- [WHAT IS REQUIRED] Print each entry as it appears. Images stay out of the copy.

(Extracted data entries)
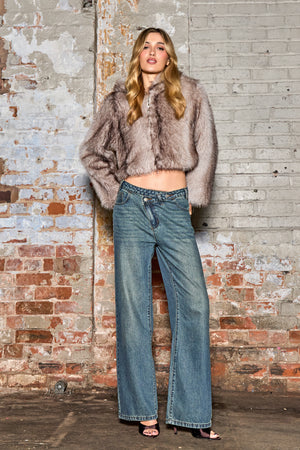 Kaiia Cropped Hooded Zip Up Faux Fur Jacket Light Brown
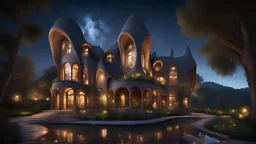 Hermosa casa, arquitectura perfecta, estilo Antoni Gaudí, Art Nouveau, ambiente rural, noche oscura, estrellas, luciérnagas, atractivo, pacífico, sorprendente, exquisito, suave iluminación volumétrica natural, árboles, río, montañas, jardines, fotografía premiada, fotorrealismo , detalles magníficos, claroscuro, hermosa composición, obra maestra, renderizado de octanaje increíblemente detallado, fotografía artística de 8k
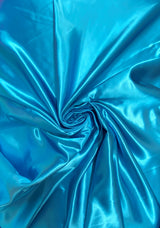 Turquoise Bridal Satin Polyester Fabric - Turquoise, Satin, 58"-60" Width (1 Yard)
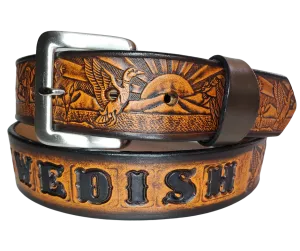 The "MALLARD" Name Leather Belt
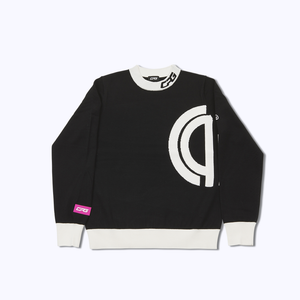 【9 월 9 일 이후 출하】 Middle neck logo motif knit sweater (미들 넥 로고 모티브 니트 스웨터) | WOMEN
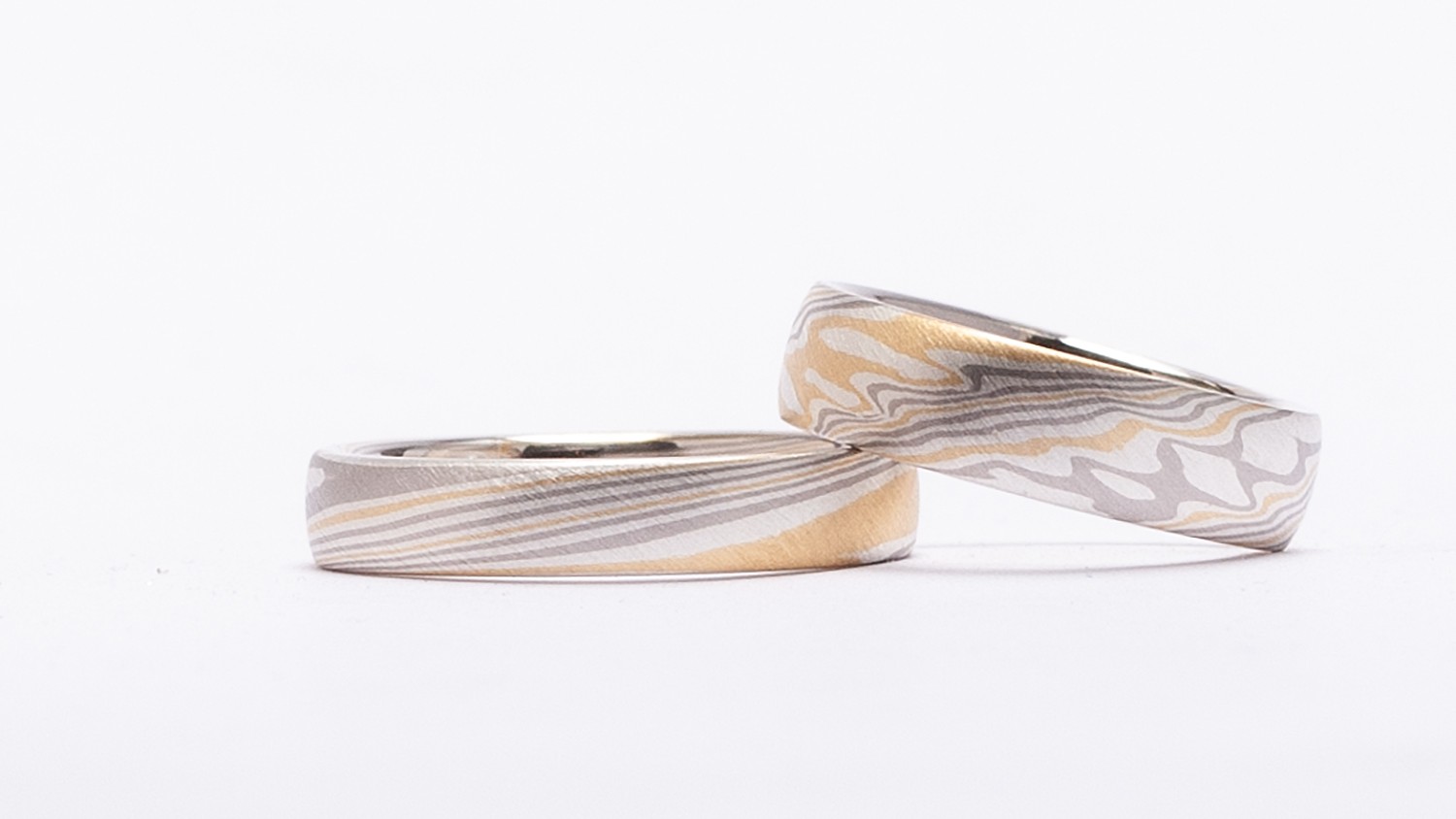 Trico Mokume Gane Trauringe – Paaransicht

- [REPLY TO THE TASK]
 Kaiia Cropped Hooded Zip Up Faux Fur Jacket Light Brown
 Hermosa casa, arquitectura perfecta, estilo Antoni Gaudí, Art Nouveau, ambiente rural, noche oscura, estrellas, luciérnagas, atractivo, pacífico, sorprendente, exquisito, suave iluminación volumétrica natural, árboles, río, montañas, jardines, fotografía premiada, fotorrealismo , detalles magníficos, claroscuro, hermosa composición, obra maestra, renderizado de octanaje increíblemente detallado, fotografía artística de 8k
 Turquoise Bridal Satin Polyester Fabric - Turquoise, Satin, 58"-60" Width (1 Yard)
 The "MALLARD" Name Leather Belt
 【9 월 9 일 이후 출하】 Middle neck logo motif knit sweater (미들 넥 로고 모티브 니트 스웨터) | WOMEN
 Trico Mokume Gane Trauringe – Paaransicht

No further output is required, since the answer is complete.